Input for this task:
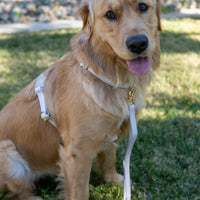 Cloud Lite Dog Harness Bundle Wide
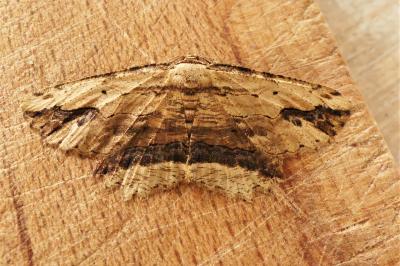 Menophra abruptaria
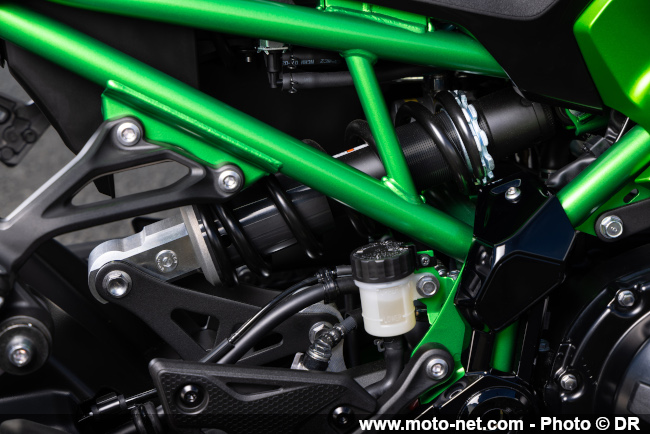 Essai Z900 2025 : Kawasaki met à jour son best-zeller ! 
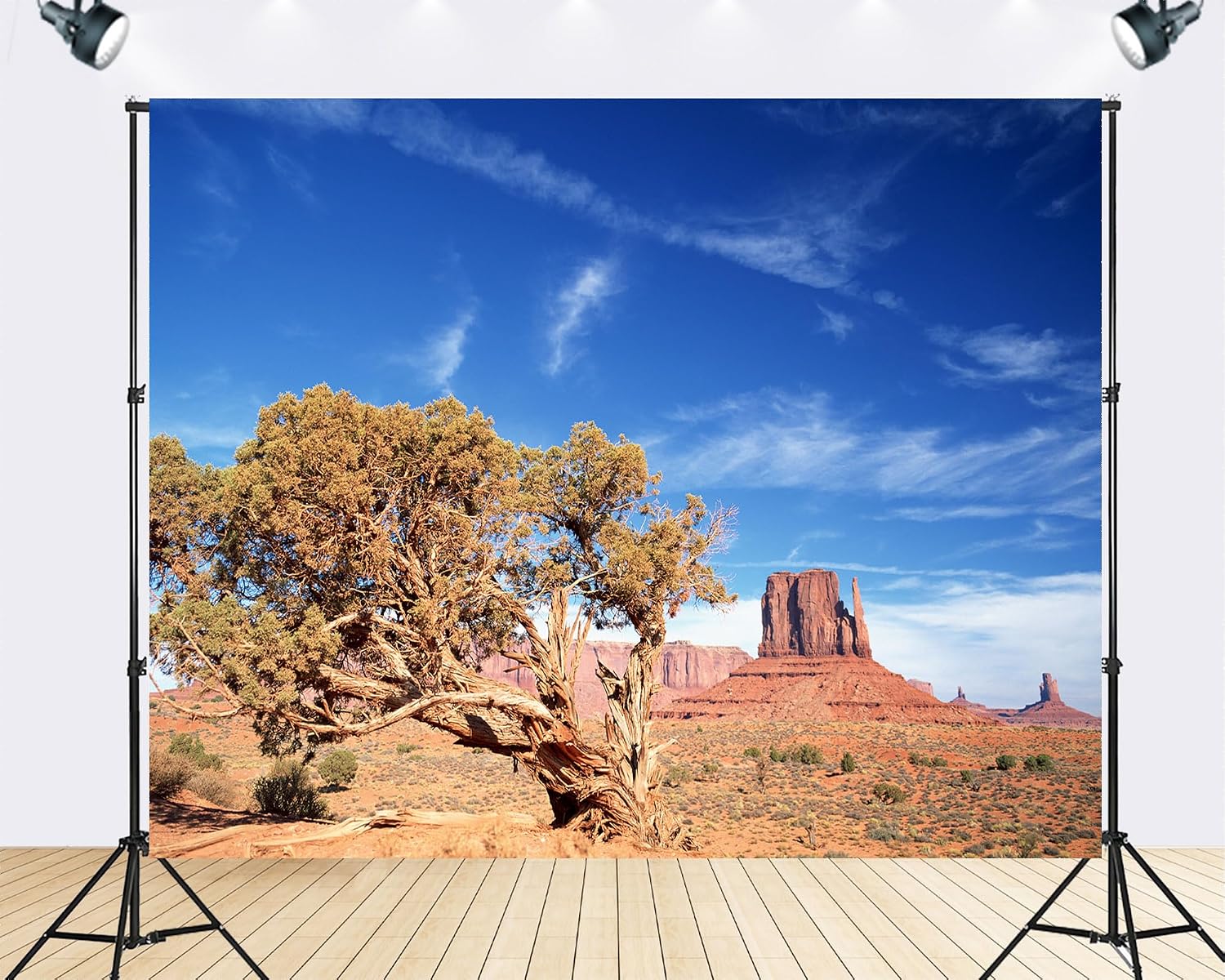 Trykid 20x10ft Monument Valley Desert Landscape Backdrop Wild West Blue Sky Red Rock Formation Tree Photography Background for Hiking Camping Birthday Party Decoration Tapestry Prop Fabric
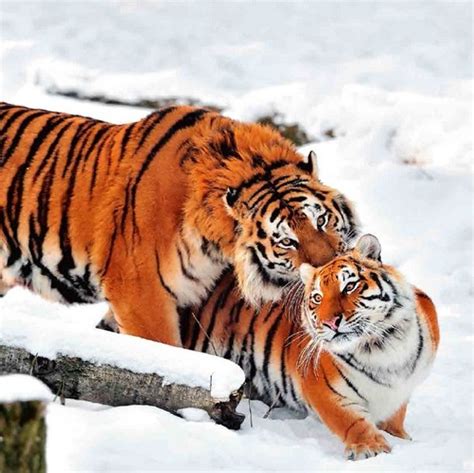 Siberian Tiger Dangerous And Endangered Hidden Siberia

Exercise description: Copy out all the entries exactly. Images stay out of the copy.

Solved exercise:
 Cloud Lite Dog Harness Bundle Wide
 Menophra abruptaria
 Essai Z900 2025 : Kawasaki met à jour son best-zeller ! 
 Trykid 20x10ft Monument Valley Desert Landscape Backdrop Wild West Blue Sky Red Rock Formation Tree Photography Background for Hiking Camping Birthday Party Decoration Tapestry Prop Fabric
 Siberian Tiger Dangerous And Endangered Hidden Siberia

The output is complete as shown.